Essayons autour de nous.

La plupart du temps, on s’embarque dans les plans, ou LE plan stratégique, et les budgets.

Le budget, c’est la déclinaison financière du Plan ; le plan, c’est ce qui va définir, étape par étape, comment nous allons mettre en œuvre notre stratégie. La stratégie, elle, d’où vient-elle ? D’une analyse objective des marchés, de la concurrence, des forces, faiblesses, opportunités, contraintes (SWOT) ? Mais alors, pour chaque entreprise, il existerait une stratégie, unique, qu’il suffirait de trouver en appliquant la bonne méthodologie ? Il n’y a probablement plus grand monde pour croire à ça, quoique…

Non, la stratégie a aussi sa part subjective, qui est nourrie par une vision.

Cette vision, c’est, en fait, la face irrationnelle du management.

Même si elle n’existe pas formellement, elle est la part inconsciente des dirigeants et des décideurs. La stratégie est le déploiement de cette vision implicite ou explicite, sa concrétisation dans les processus de décision, dans les choix, dans les actions opérationnelles.

Certains appellent ça la culture de l’entreprise, sans la formaliser non plus : cette culture, c’est ce qui fait qu’on aime prendre des risques, ou au contraire qu’on avance toujours prudemment.

C’est aussi cette culture qui fait la confiance entre les collaborateurs, ou au contraire qui répand la terreur et les systèmes de contrôle.

Mais la vision, c'est plus que ces aspects de culture ou de comportement, c’est une description de notre entreprise de demain qui emporte l’adhésion de ceux qui vont être chargés de la mettre en œuvre. C’est une image d’un état futur, qui contient aussi des valeurs, des principes. Elle contient aussi l’expression de la « mission » de l’entreprise, qui ne peut pas se réduire à « créer de la valeur pour l’actionnaire », comme certains l’ont crû dans les années 90. La vision est aussi l’expression des objectifs, des ambitions, des rêves de l’entreprise et de sa communauté de collaborateurs et, plus largement, de ses « stakeholders ».

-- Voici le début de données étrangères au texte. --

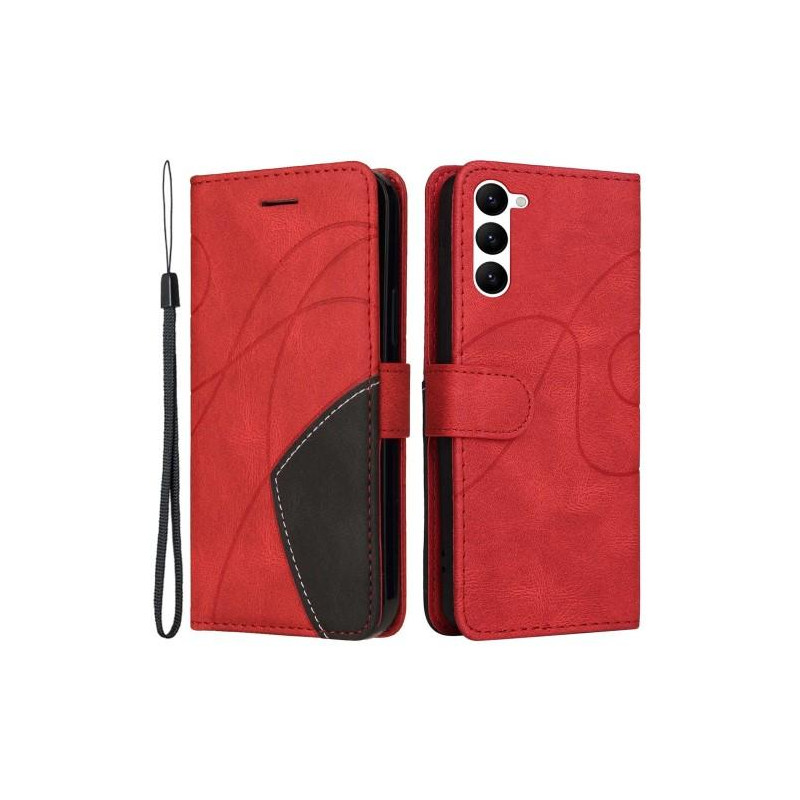 Samsung Galaxy S23+ (Plus) KT Series - 1 Kaksivärinen - Punainen/Musta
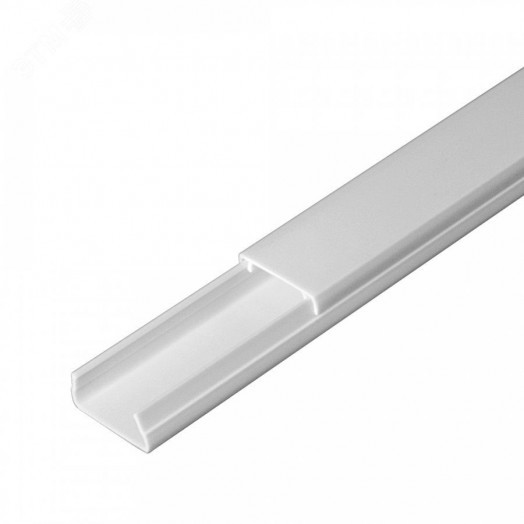 Кабель-канал белый в г/к 20х10 мм (180м/уп) Промрукав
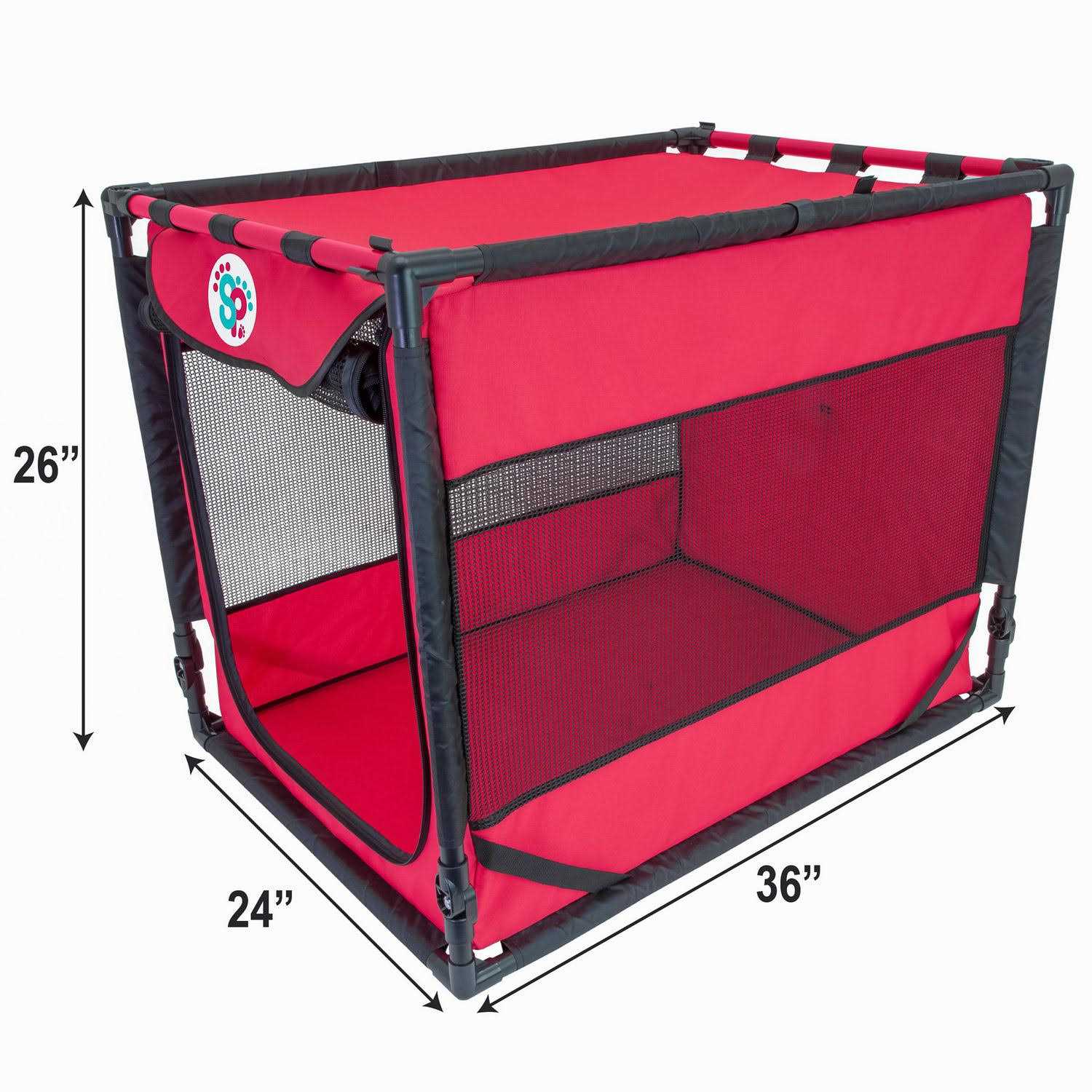 Sp Large Folding Dog Kennel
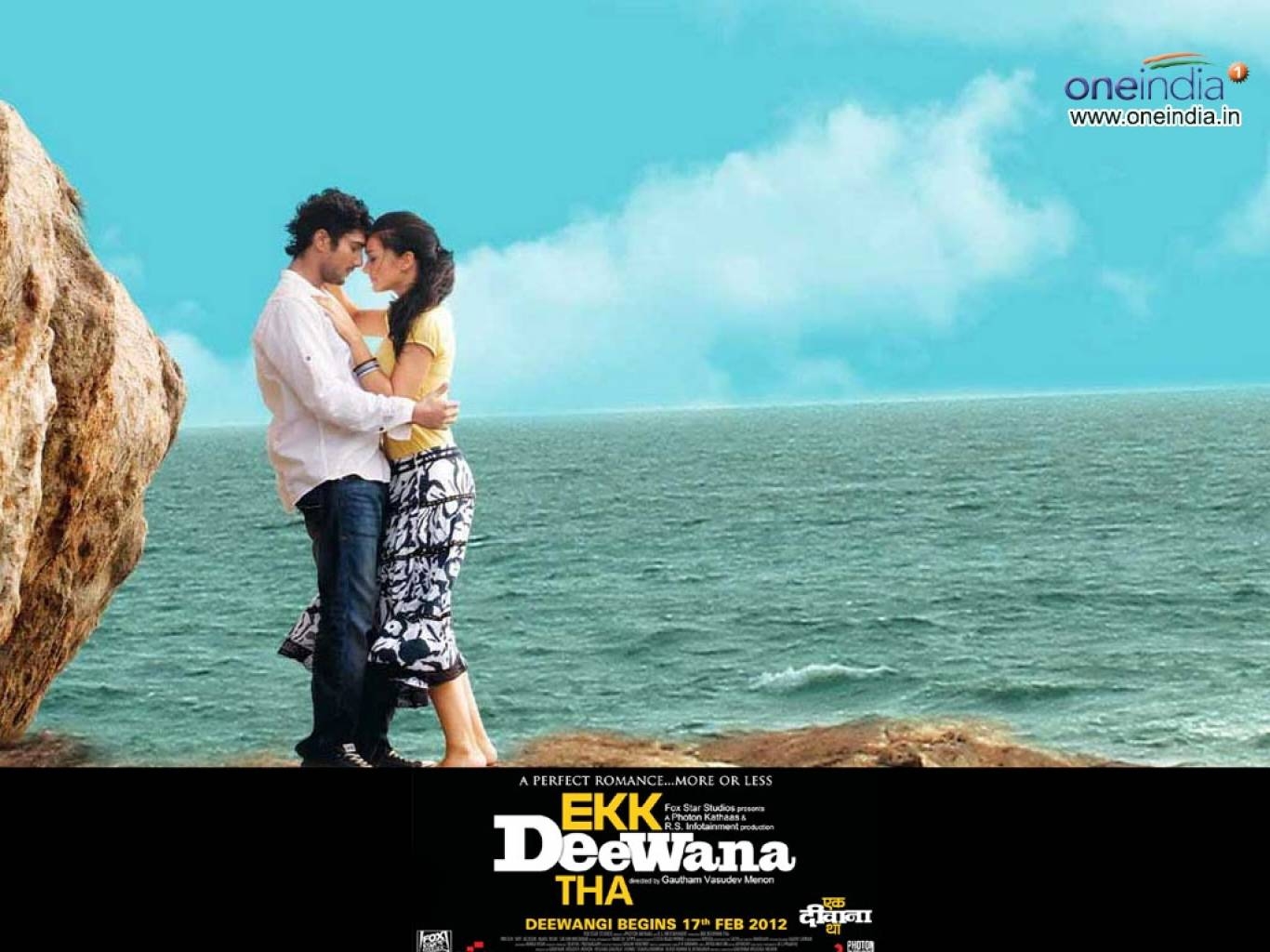 1370x1030 Ekk Deewana Tha Movie HD Wallpaper.filmibeat.com, Desktop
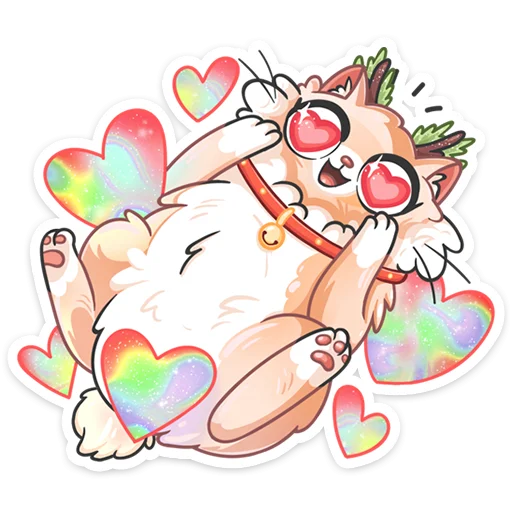 Стикер Новогодний Сахарок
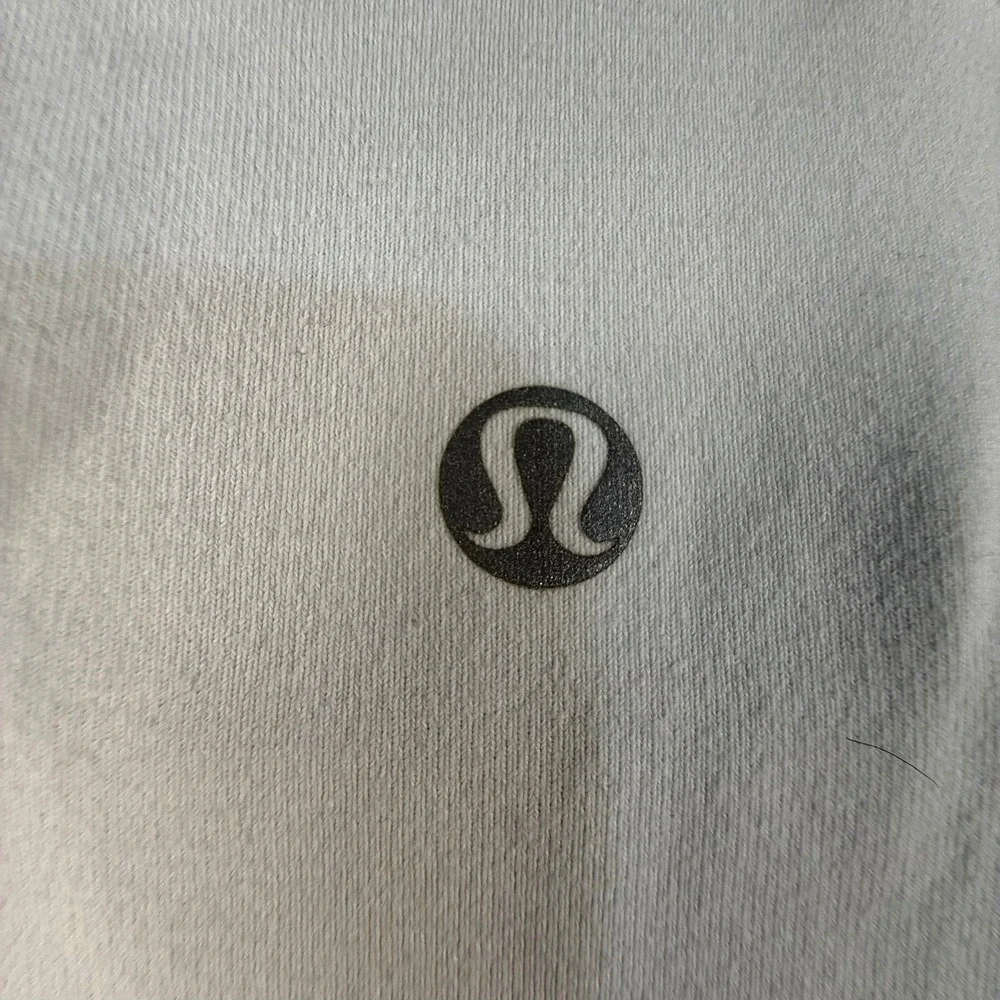 Lululemon Define Jacket White Luon Full Zip Athletic Yoga Workout Top Size 4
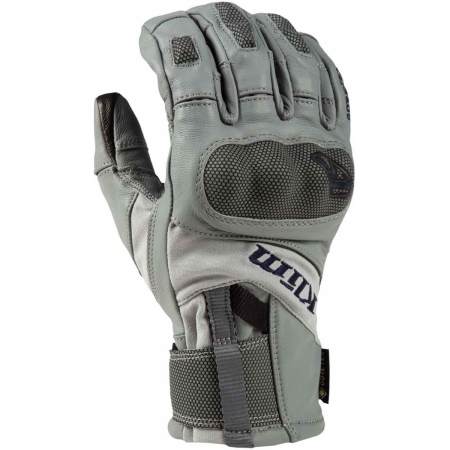 Gants Klim Adventure Gore-Tex® Gris - Gants Moto KLIM
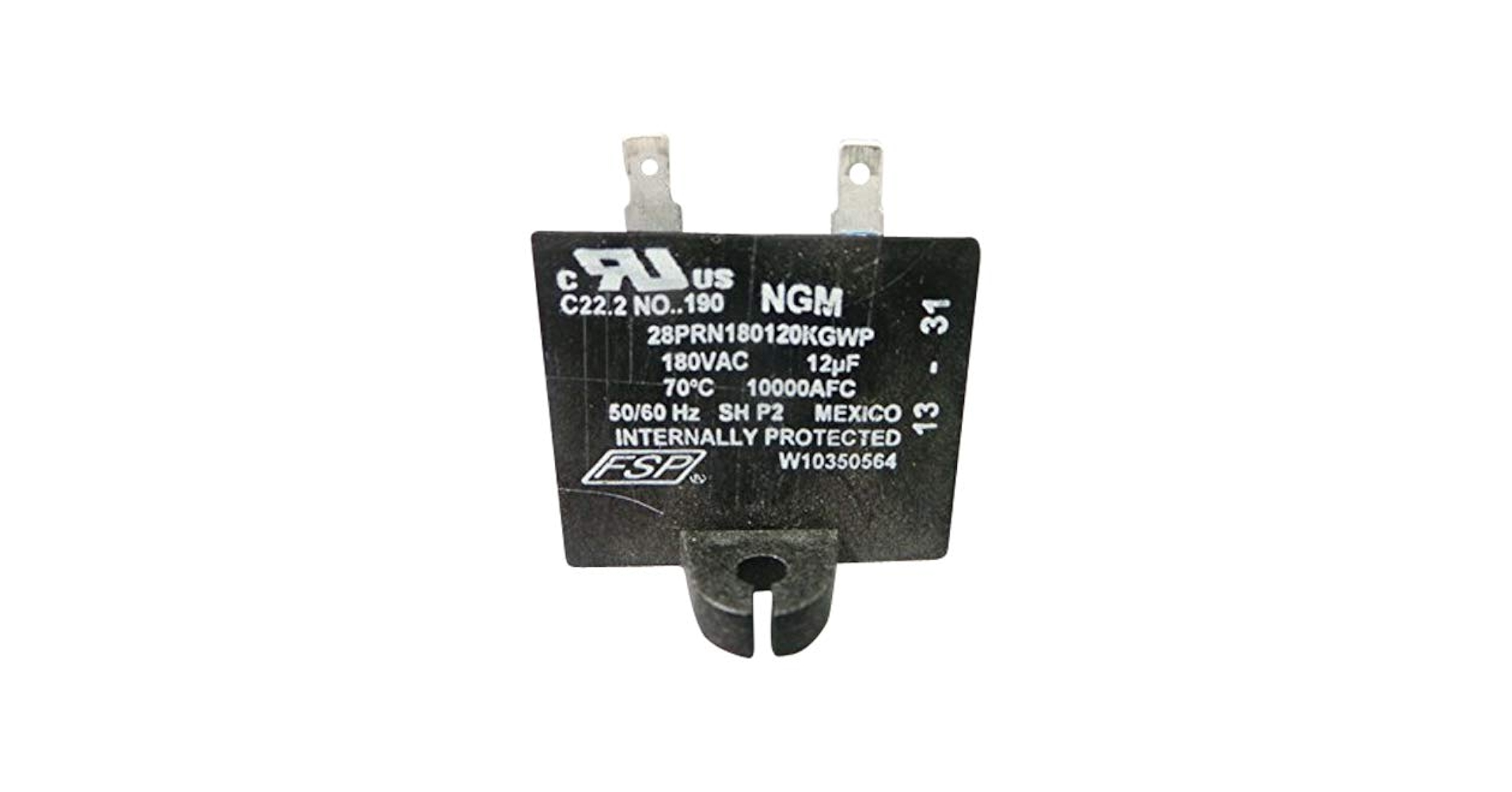 Amazon.com: ForeverPRO WPW10350564 Capacitor for Whirlpool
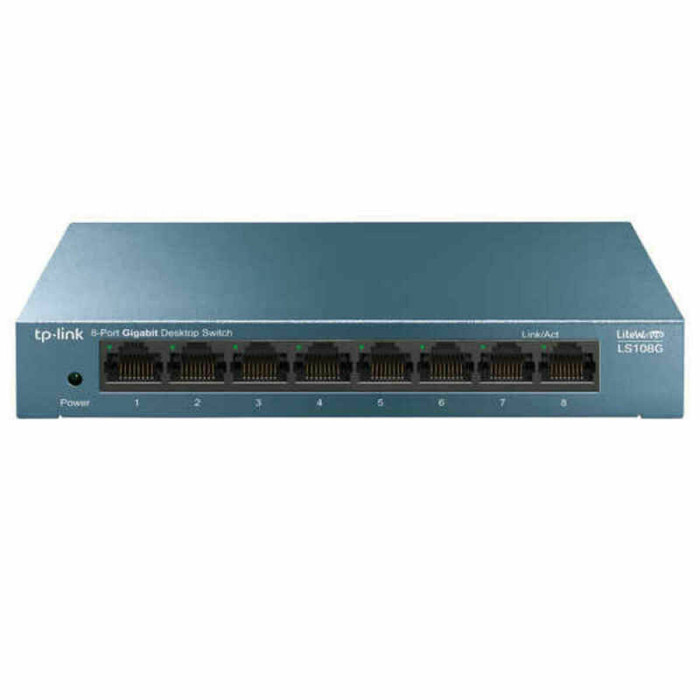 Switch TP-Link LS108G Blue Grey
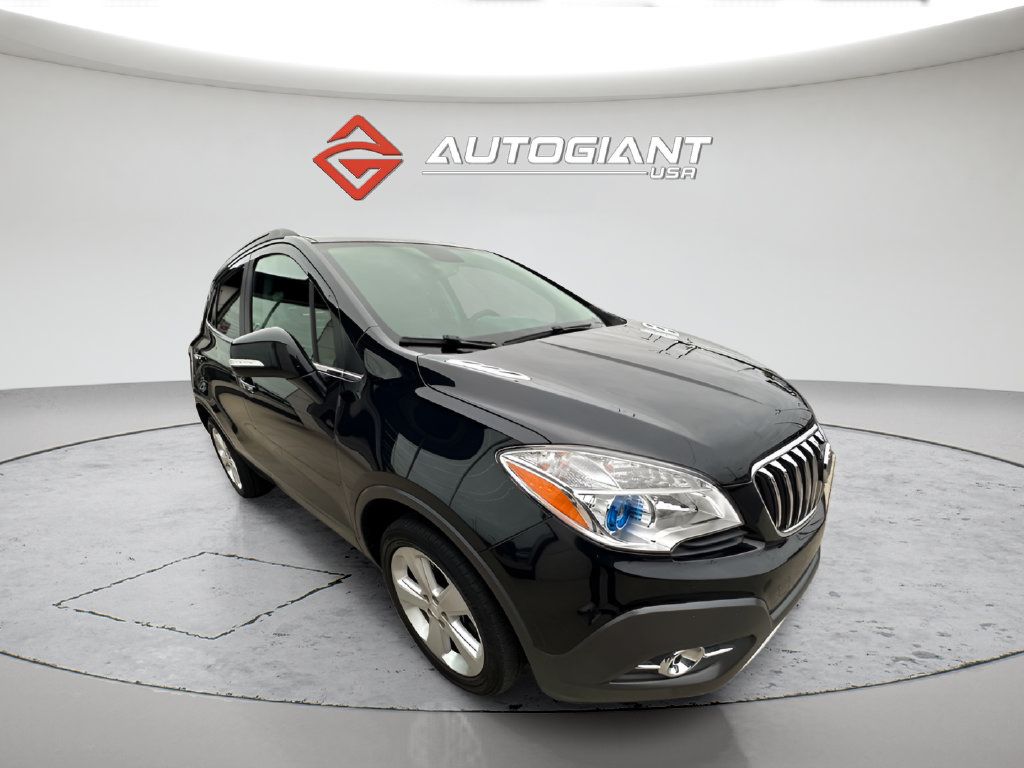 Used 2015 Buick Encore Leather AWD/4WD image 11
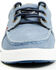 Image #4 - Wrangler By Twisted X Boys' Kicks Casual Shoes - Moc Toe, Blue, hi-res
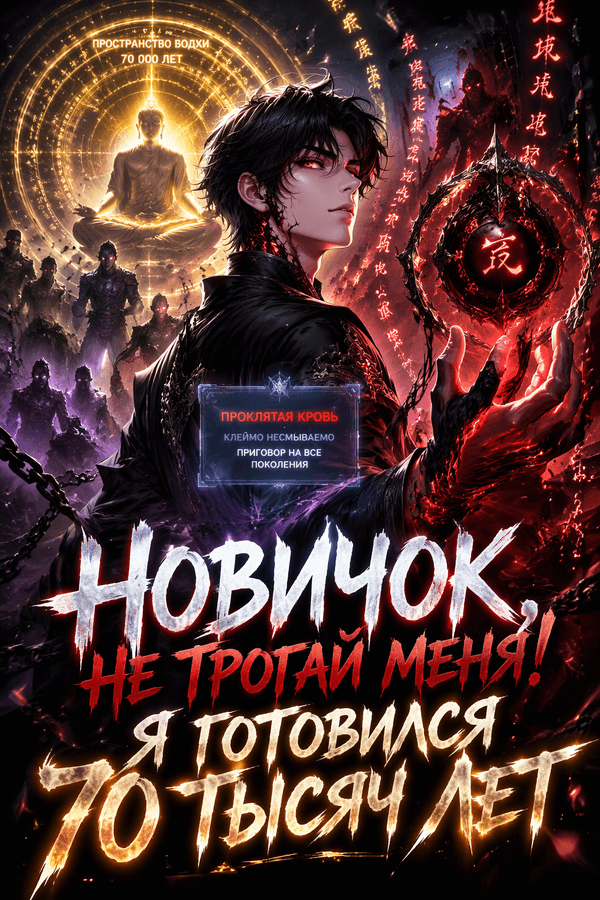 Новичок, не трогай меня! Я готовился 70 тысяч лет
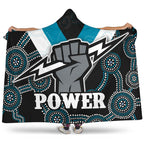 port-adelaide-hooded-blanket-power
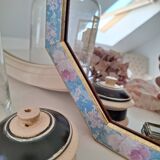 Vintage octagon mirror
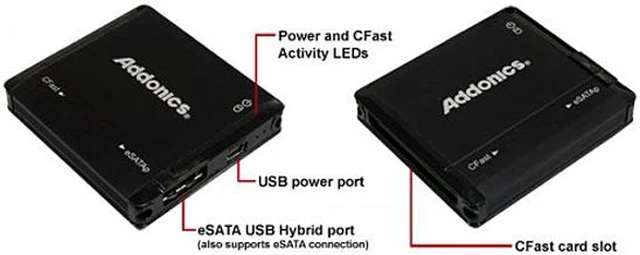 Addonics ADCFAEU3 Flash Reader eSATA/USB Combo Card Reader - Newegg.com
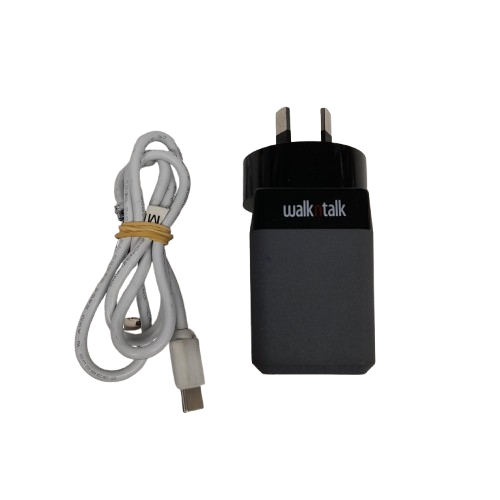 Google Chromecast G7RN with Google TV 4K, Remote and Charger (LN)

Et pourtant, que d’embarras quand on parle de cette vision. Souvent cet exercice est assimilé à une succession de phrases creuses et de bonnes intentions, que peu de collaborateurs prennent au sérieux. On pense aussi à tous ces « credo » et « vision statements » qui décorent les halls des entreprises, notamment américaines. C’est un exercice un peu lyrique, permettant au Président de dérouler des discours de vainqueur.

Alors, on peut avoir tendance à accorder peu d’importance à cet exercice, pour se concentrer sur l’ACTION. FAIRE des choses, ça rassure.

Pourtant, on sent en ce moment dans les entreprises et organisations, un besoin plus fort de mieux souder les collaborateurs autour d’une même compréhension du sens et des valeurs.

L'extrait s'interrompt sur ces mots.